Multi-car Step 1: Check the grid spots that the car is going to pass through is available
This time, the car doesn't have any conflict because it is slower.
Multi-car Step 2: Optimize speed
Same as before, based on the reservation time we have, we can find the fastest speed to pass through safely, potentially letting more cars to get in.
Multi-car Step 3: Reserve the grid based on the result of optimization
Same as before, we reserve the spots for the car.
Technical details
1. Prioritize
It is possible to have deadlock for some certain cars, so we have a prioritize policy. If a car has waited for too long, we reject all newly incoming cars, and let the car pass through.
2. Turning path
To find the length of the turning path, we used the coordinates of grid spots and calculate the tangent value to obtain the angle.
3. buffer
Since cars are not just single spots, the manager will reserve more space for them based on their speeds.
2.2 Stop Sign Intersection
The goal of this algorithm is to simulate human driving behavior with certain policies.
1. At most 2 car can be in the intersection at a time.
2. If a car is turning left, there must not be any car before it, and no car can enter the intersection either.

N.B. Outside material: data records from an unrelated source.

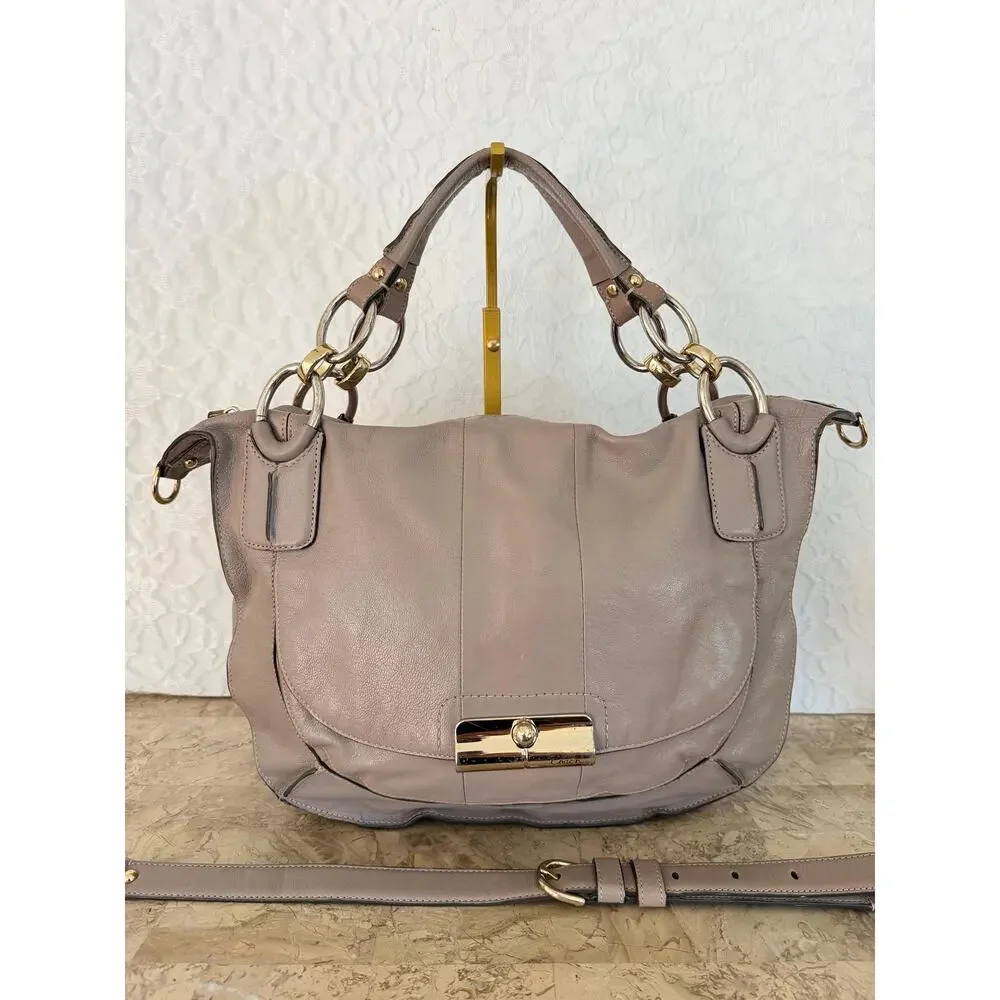 Coach Kristin taupe pinnacle Leather Hobo Crossbody Shoulder Bag Handbag 16823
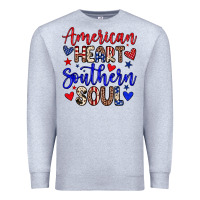 Heather Grey American heart southern soul Premium Sweatshirt - Neo Western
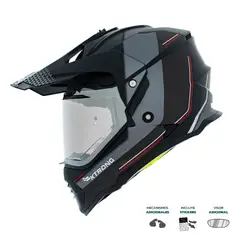 XTRONG - Casco Multipropósito XTR-902 ECE-2206 Misano II Negro-Gris Mate Visor Plateado M
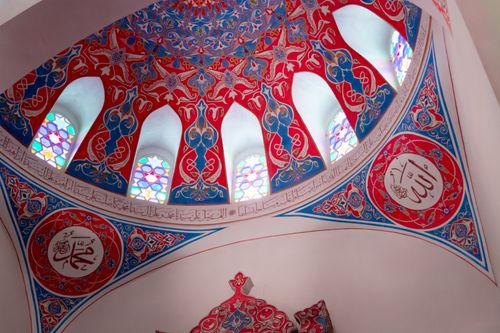 Free Colorful Islamic geometric patterns and stained glass in a mosque in Banja Luka, Bosnia and Herzegovina. Stock Photo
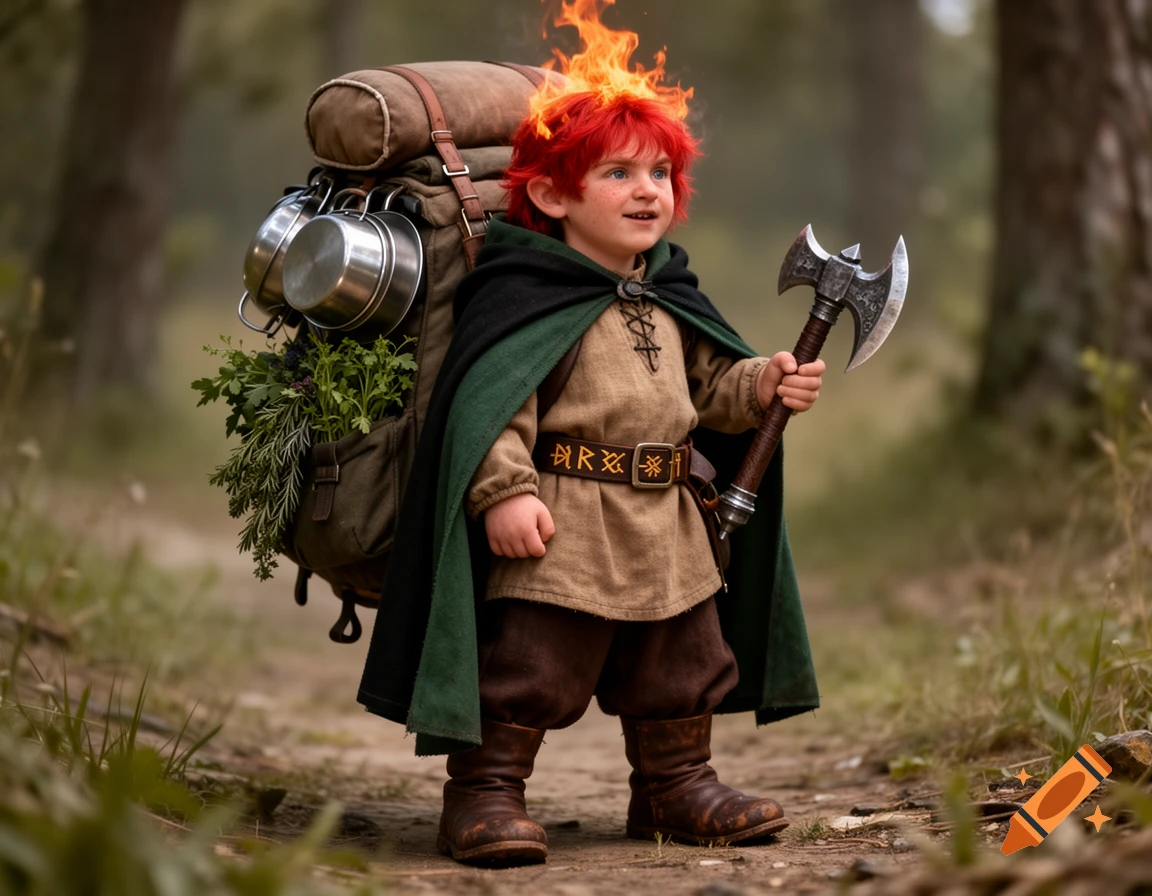 A child adventurer with fiery red hair, a green cape, an axe, and a large backpack stands on a forest path.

There can be only one car left turning.
3. Based on the first car's request, we block directions and, depending on cases, may allow one more car to come in.
Case 1: if the first car is going straight
Manager block these directions
Case 2: if the first car is turning right
Manager block these directions
Case 3: if the first car is turning left
Manager block all directions
3. Result
To determine how efficient our reservation algorithm is, we compare it with optimized (no traffic) itersection and stop sign intersection. We ran the simulations for wo minutes 10 times and took the average of data.
Cars per minute
Cars per minute is the average cars that can pass through the itersection.
Our algorithm can allow more car to pass through an intersection than the stop sign can. Additionally, it approaches more to the optimized intersection if there are less traffic.
Time per car
Time per car is the average time for a car to go straight, turn left, turn right and reach their estinations in each intersection.
Cars going straight or turning right can go significant faster in reservation intersection.